Task statement: When you reach the line containing "Sanrio Hello Kitty", please repeat it and every line after it exactly, through the end of the listing below, skipping pictures.

Given information:

####

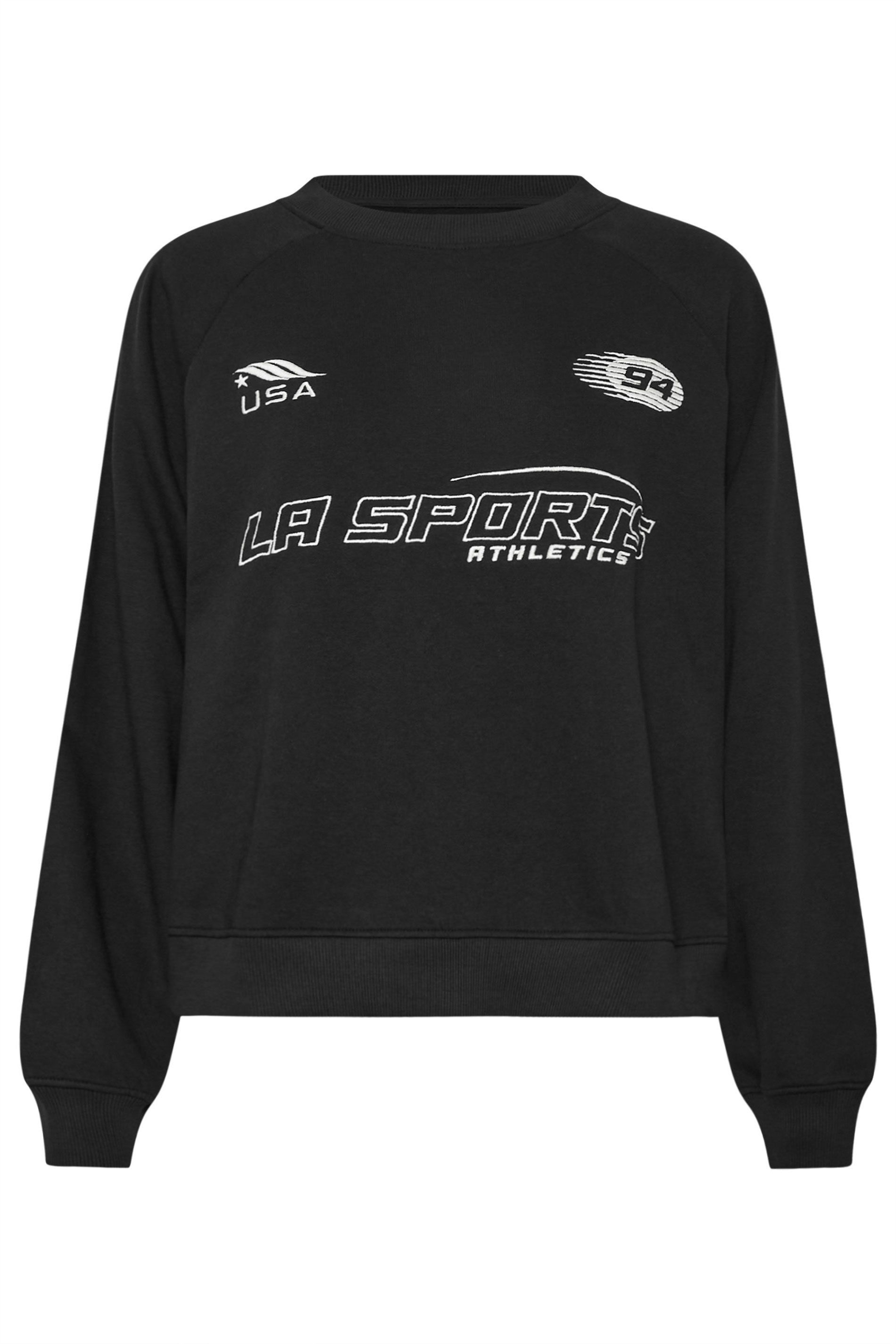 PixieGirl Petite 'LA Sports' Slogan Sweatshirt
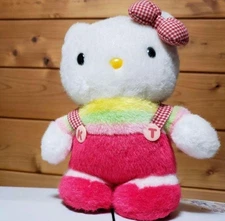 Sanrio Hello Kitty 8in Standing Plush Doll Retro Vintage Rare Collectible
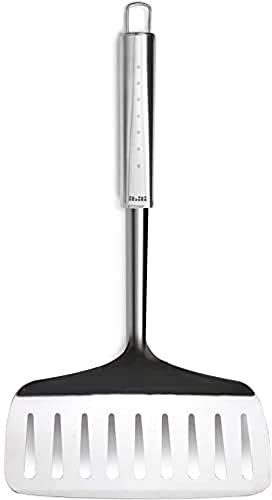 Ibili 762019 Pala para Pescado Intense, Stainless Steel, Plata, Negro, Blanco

####

Answer to the problem:
 Sanrio Hello Kitty 8in Standing Plush Doll Retro Vintage Rare Collectible
 Ibili 762019 Pala para Pescado Intense, Stainless Steel, Plata, Negro, Blanco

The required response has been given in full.